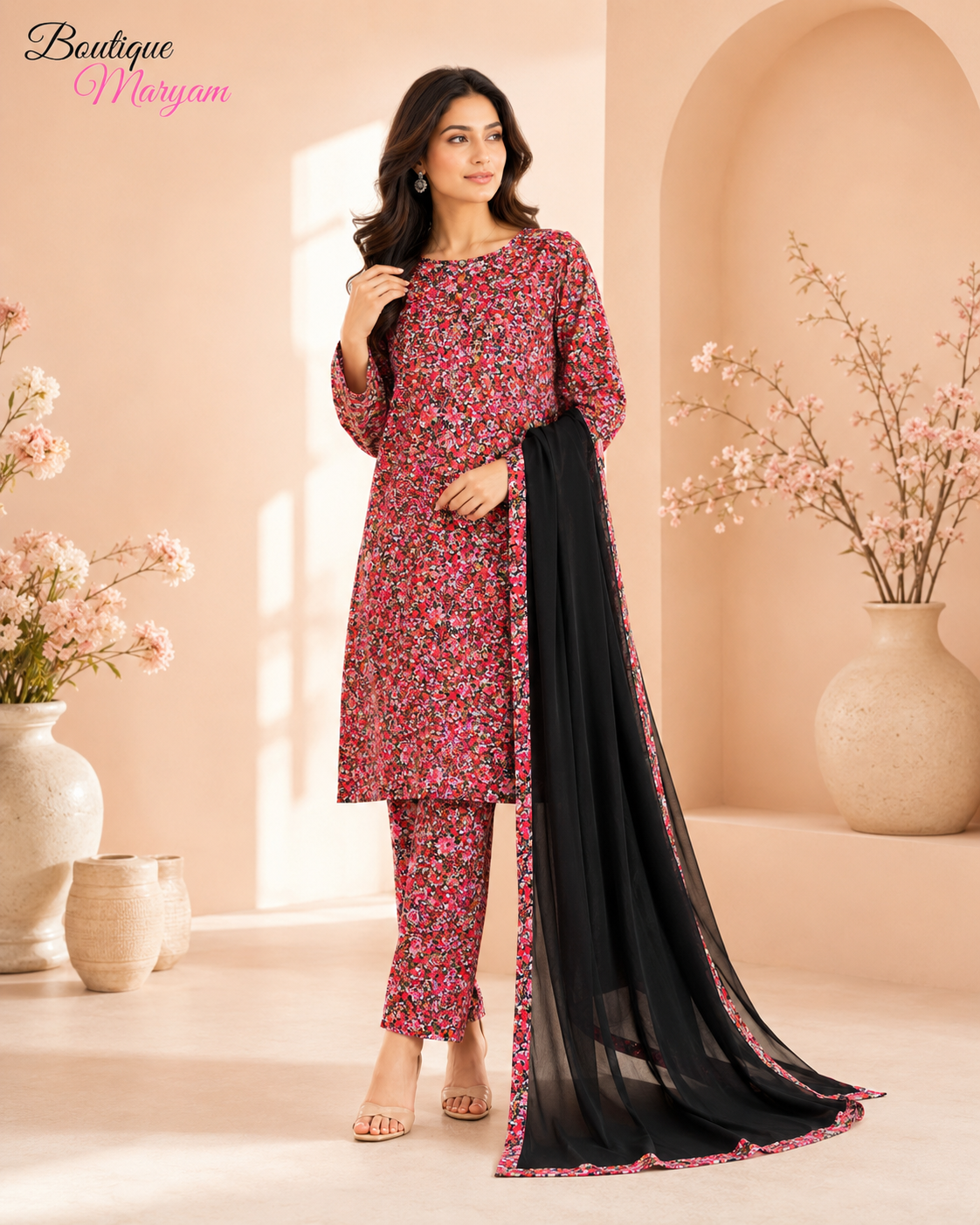 BM-LD-007 Red & Black Linen Trouser Shirt & Chiffon Dupatta - 3 Piece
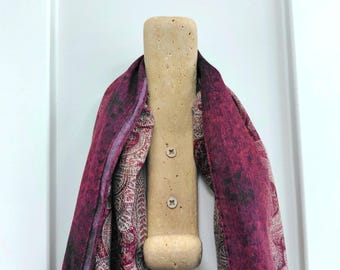 Natural Travertine Wall Hook: Scarf & Handbag Hanger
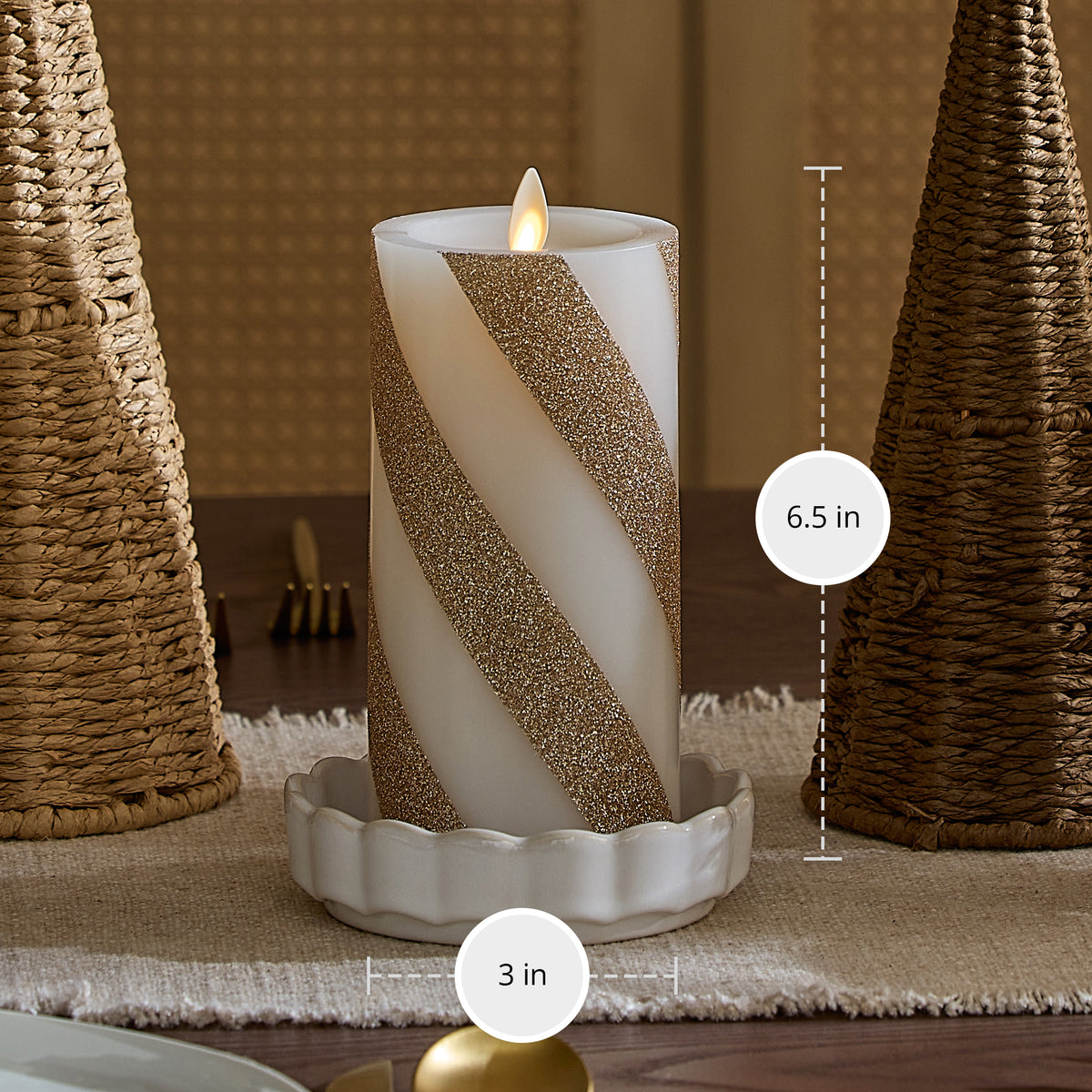 Champagne Glow Candy Cane Glitter Flameless Candle Pillar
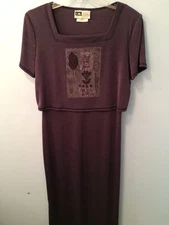I.N. Studio Women's Maxi Dress Sz 6, Dark Purple, Square neckline, short sleeve
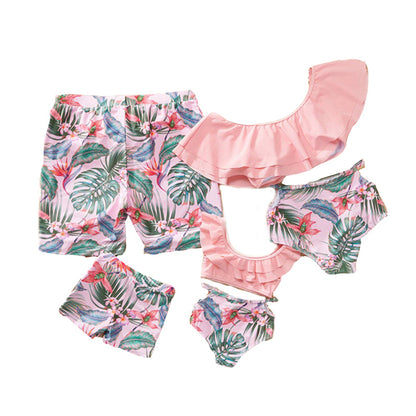 Family Parent-child Bikini Ruffled Swimsuit Suit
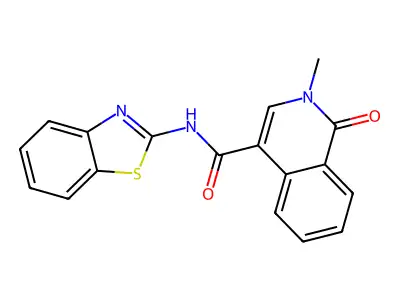 N-(1,3-benzothiazol-2-yl)-2-methyl-1-oxo-1,2-dihydroisoquinoline-4-carboxamide structure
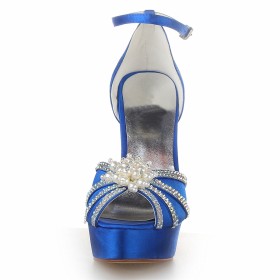 Sandalen Elegante Satin Peeptoe Tanzschuhe Stilettos Mit Strasssteine Mit 13 cm High Heels Buckle Plateau Abendschuhe Royalblau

# # #

PROBLEM TO WORK ON -
Every line of the data above should be quoted exactly. Omit the pictures.

EXERCISE OUTPUT -
 BM-LD-007 Red & Black Linen Trouser Shirt & Chiffon Dupatta - 3 Piece
 Natural Travertine Wall Hook: Scarf & Handbag Hanger
 Champagne Glow Candy Cane Glitter Flameless Candle Pillar
I.N. Studio Women's Maxi Dress Sz 6, Dark Purple, Square neckline, short sleeve
 Family Parent-child Bikini Ruffled Swimsuit Suit
 N-(1,3-benzothiazol-2-yl)-2-methyl-1-oxo-1,2-dihydroisoquinoline-4-carboxamide structure
 Sandalen Elegante Satin Peeptoe Tanzschuhe Stilettos Mit Strasssteine Mit 13 cm High Heels Buckle Plateau Abendschuhe Royalblau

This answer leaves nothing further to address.